[Opening Provided entries section]
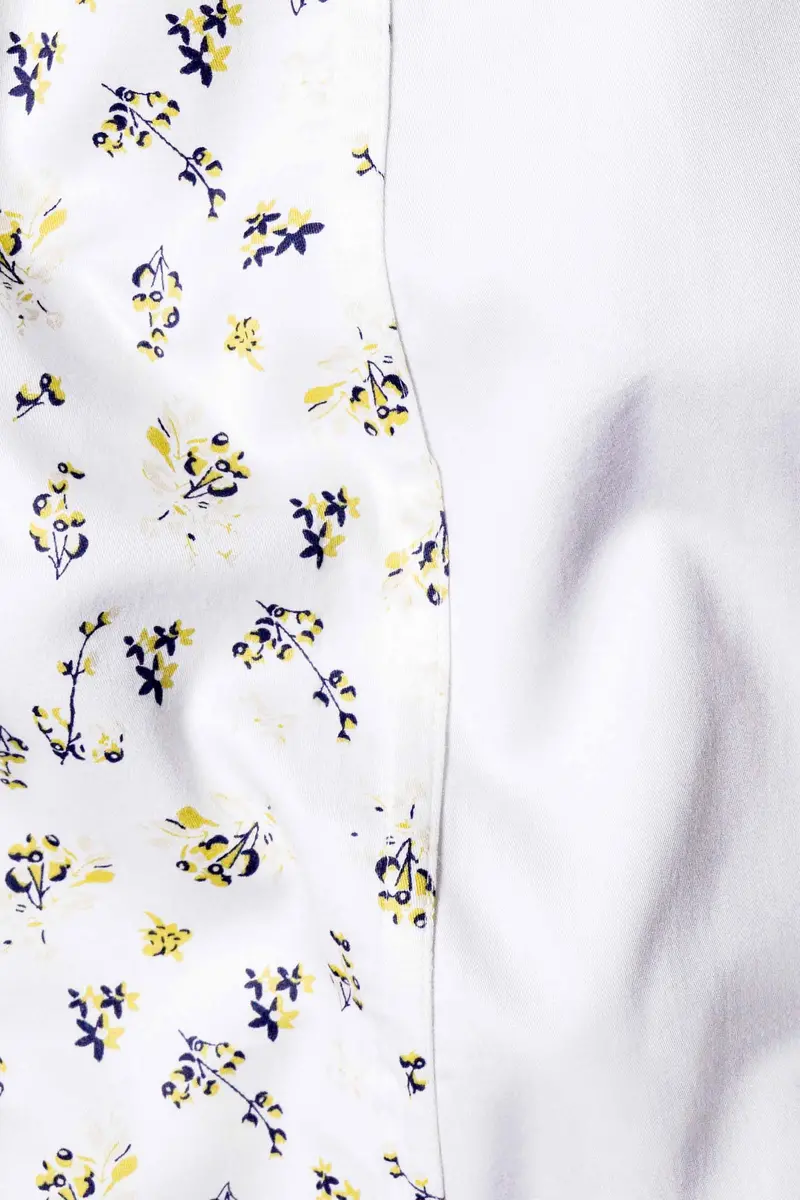 Bright White Multicolour Ditsy Printed Subtle Sheen Super Soft Premium Cotton Designer Shirt 3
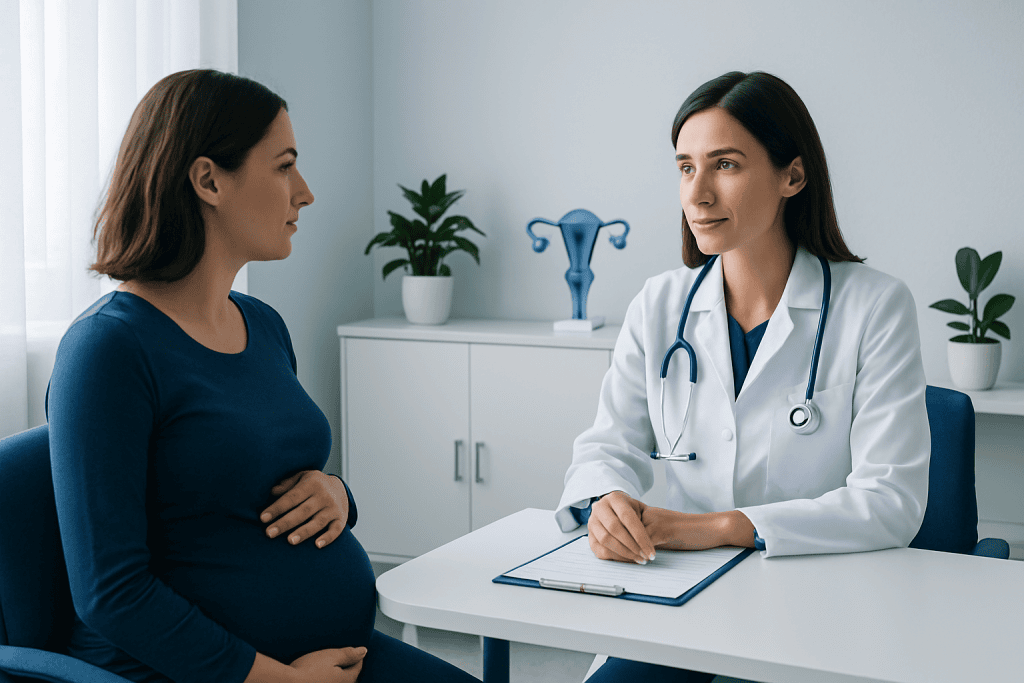Pregnant woman consulting with OB-GYN doctor in clinic.
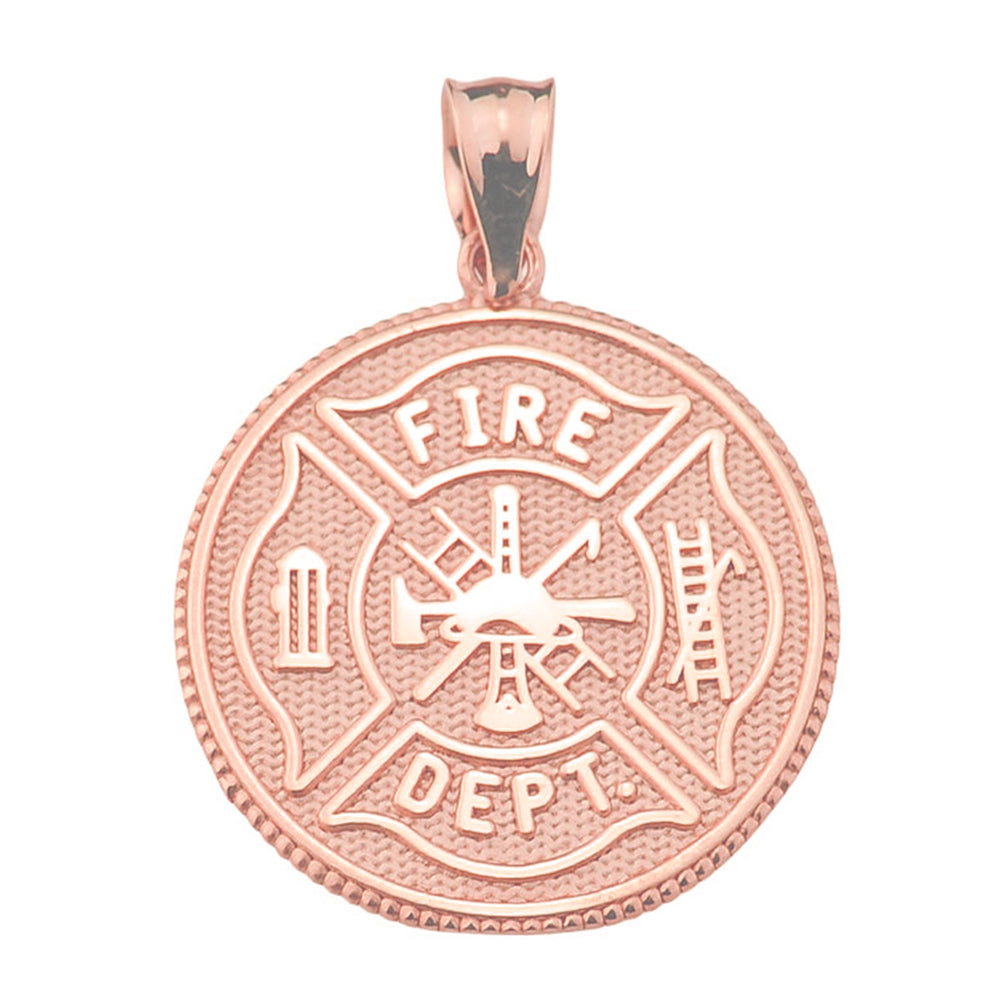 LARGE US FIREFIGHTER MALTESE CROSS DOUBLE-SIDED PRAYER COIN PENDANT NECKLACE in Solid Gold, view 6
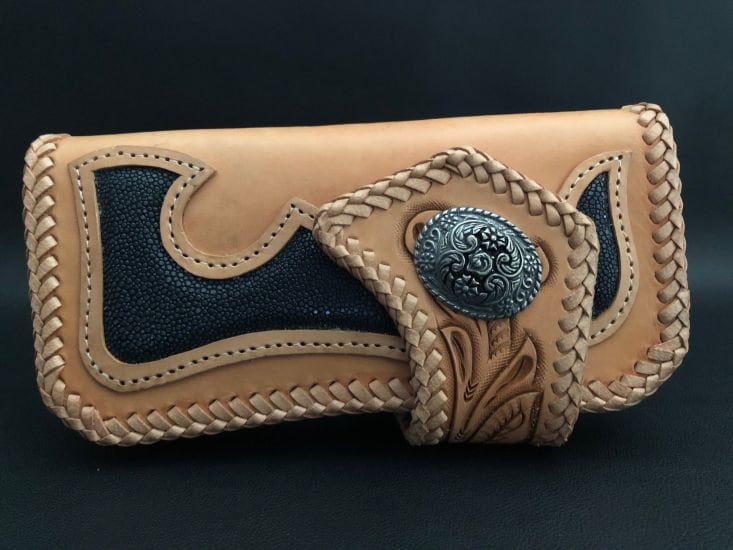 Biker - Trucker Wallet Stingray Skin Floral Concho Geldbeutel Natut Mit Rochenleder Biker - Trucker Wallet Stingray Skin Floral Concho Geldbeutel Natut Mit Rochenleder von SkullEdition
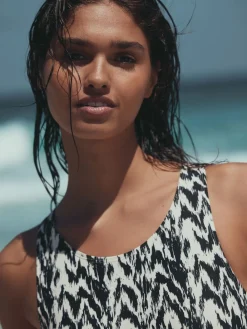 Next Essential High Neck Shaping Swimsuit Black/Cream Ikat Online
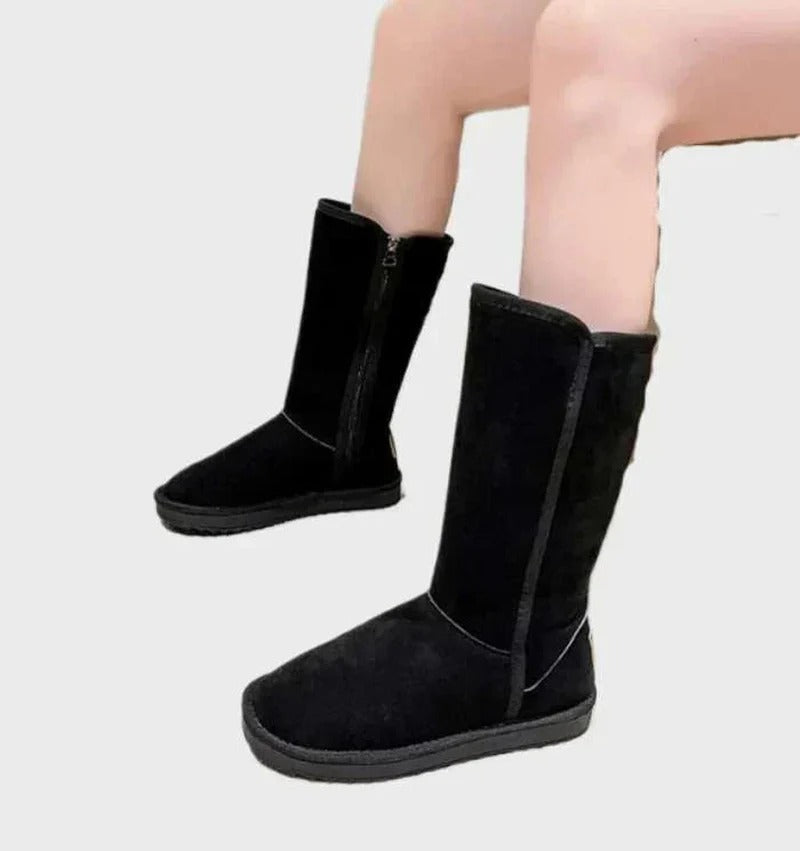 Suede Faux Fur Lined Warm Mid-Calf Boots for Women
[Closing Provided entries section]
- What is being asked:
In your answer, copy exactly the lines running from the line with "LARGE US FIREFIGHTER" to the end of the material above, both included, and omit all pictures.

- Result:
 LARGE US FIREFIGHTER MALTESE CROSS DOUBLE-SIDED PRAYER COIN PENDANT NECKLACE in Solid Gold, view 6
 Biker - Trucker Wallet Stingray Skin Floral Concho Geldbeutel Natut Mit Rochenleder Biker - Trucker Wallet Stingray Skin Floral Concho Geldbeutel Natut Mit Rochenleder von SkullEdition
 Next Essential High Neck Shaping Swimsuit Black/Cream Ikat Online
 Suede Faux Fur Lined Warm Mid-Calf Boots for Women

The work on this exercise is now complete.